Integrality of $\mathrm{GL}_2\times\mathrm{GL}_2$ Rankin-Selberg integrals for ramified representations
Alexandros Groutides
TL;DR
This work defines a robust notion of integrality for local GL$_2\times$GL$_2$ Rankin–Selberg zeta integrals with ramified representations by introducing \(\Pi\)-integral data and a finite algebra \(A\) capturing Hecke and unitary character data. It proves a local integrality theorem: for tempered GL$_2$ pairs \(\pi_1,\pi_2\) and any \(\Pi=\pi_1\times\pi_2\)-integral datum, the normalized zeta integral decomposes as $$Z(\phi,g_1W_{\pi_1}^{\mathrm{new}},g_2W_{\pi_2}^{\mathrm{new}};s)=L(\Pi,s)\,\Phi(\cdot;q^s)$$ with \(\Phi\) an element of \(A[X,X^{-1}]\). The paper provides a detailed case‑by‑case analysis across the full ramification spectrum (unramified, Steinberg twists, half-/fully-ramified principal series, and supercuspidals) and shows the required integrality holds, balancing potential denominators via volume factors.
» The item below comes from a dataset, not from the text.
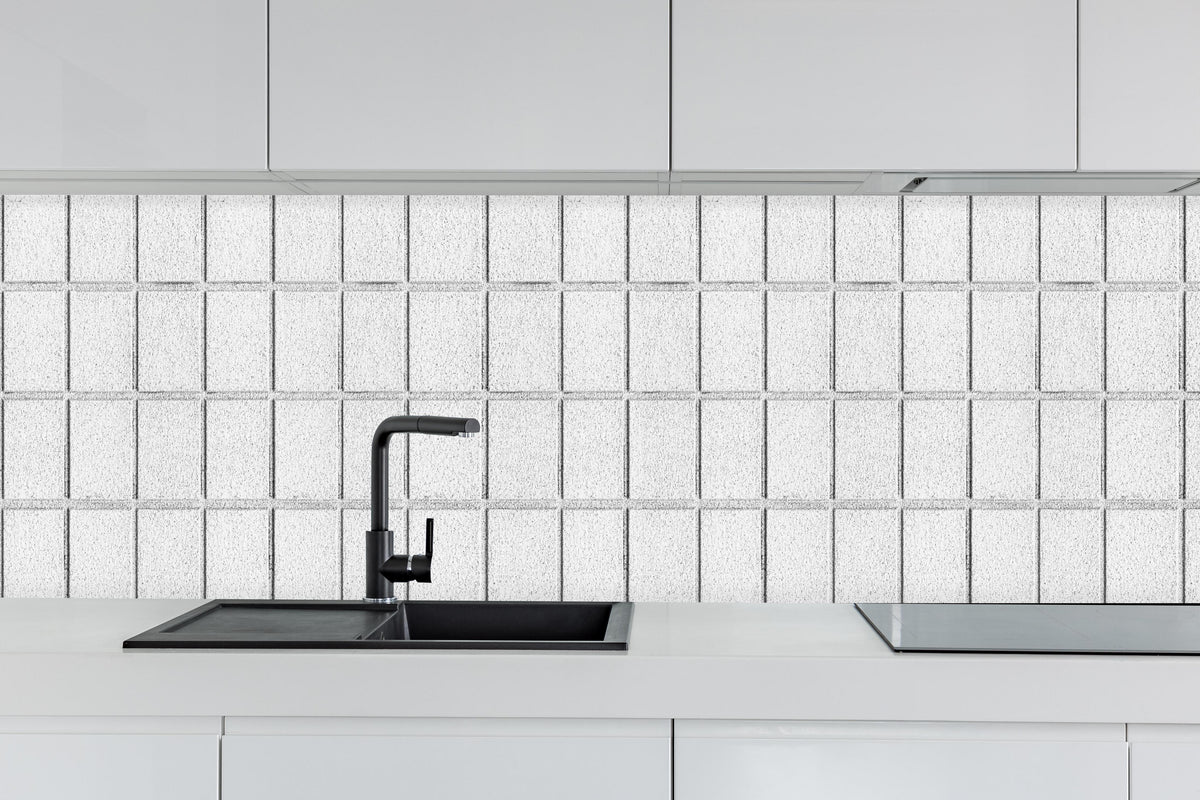 Küche - Panorama von weißem Betonblock Wand hinter weißen Hochglanz-Küchenregalen und schwarzem Wasserhahn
It then derives a global automorphic consequence for newforms: the global Rankin–Selberg integral factors as the automorphic L-function times a finite polynomial in primes of ramification, with archimedean Gamma factors accounted for. A further application connects the integrality results to trilinear forms in the spirit of Prasad, yielding integral values for the unique trilinear functional arising from the zeta construction. The results sharpen the arithmetic understanding of Rankin–Selberg integrals in ramified settings and provide explicit, computable integral structures for both local and global objects.
Abstract
Let $π_1,π_2$ be irreducible admissible generic tempered representations of $\mathrm{GL}_2(F)$ for some $p$-adic field $F$ of odd residue characteristic. We introduce a natural notion of general $(π_1\timesπ_2)$-integral data $(φ,g_1,g_2)\in \mathcal{S}(F^2)\times\mathrm{GL}_2(F)^2$ at which the Rankin-Selberg integral can be evaluated. This is inspired by work of Loeffler, and previous work of the author, on unramified zeta integrals. We then establish an integral variant of a result of Jacquet-Langlands for the local Rankin-Selberg zeta integral associated to $π_1\timesπ_2$; i.e. we show that for any such integral datum $(φ,g_1,g_2)$, we have $$\frac{Z(φ,g_1W_{π_1}^\mathrm{new},g_2W_{π_2}^\mathrm{new};s)}{L(π_1\timesπ_2,s)}=Φ(φ,g_1W_{π_1}^\mathrm{new},g_2W_{π_2}^\mathrm{new};q^s)\in \mathbf{Z}[q^{-1},Σ^1][q^s,q^{-s}]$$for a finite set $Σ^1\subseteq\mathbf{C}^\times$ of roots of unity and unitary character values, depending only on $π_1,π_2$. This is compatible with the notion of integrality coming from newforms $f_1,f_2$ of even integral weights, satisfying a mild local dihedral condition at $2$. We show that if $π_1,π_2$ are local pieces of $f_1,f_2$ at any prime $p$, the coefficient algebra is $\mathcal{O}_{K}[p^{-1}]$ with $K$ a number field only depending on $f_1,f_2$. Our approach relies on a reinterpretation of the local Rankin-Selberg integral, and works of Assing and Saha on values of $p$-adic Whittaker new-vectors.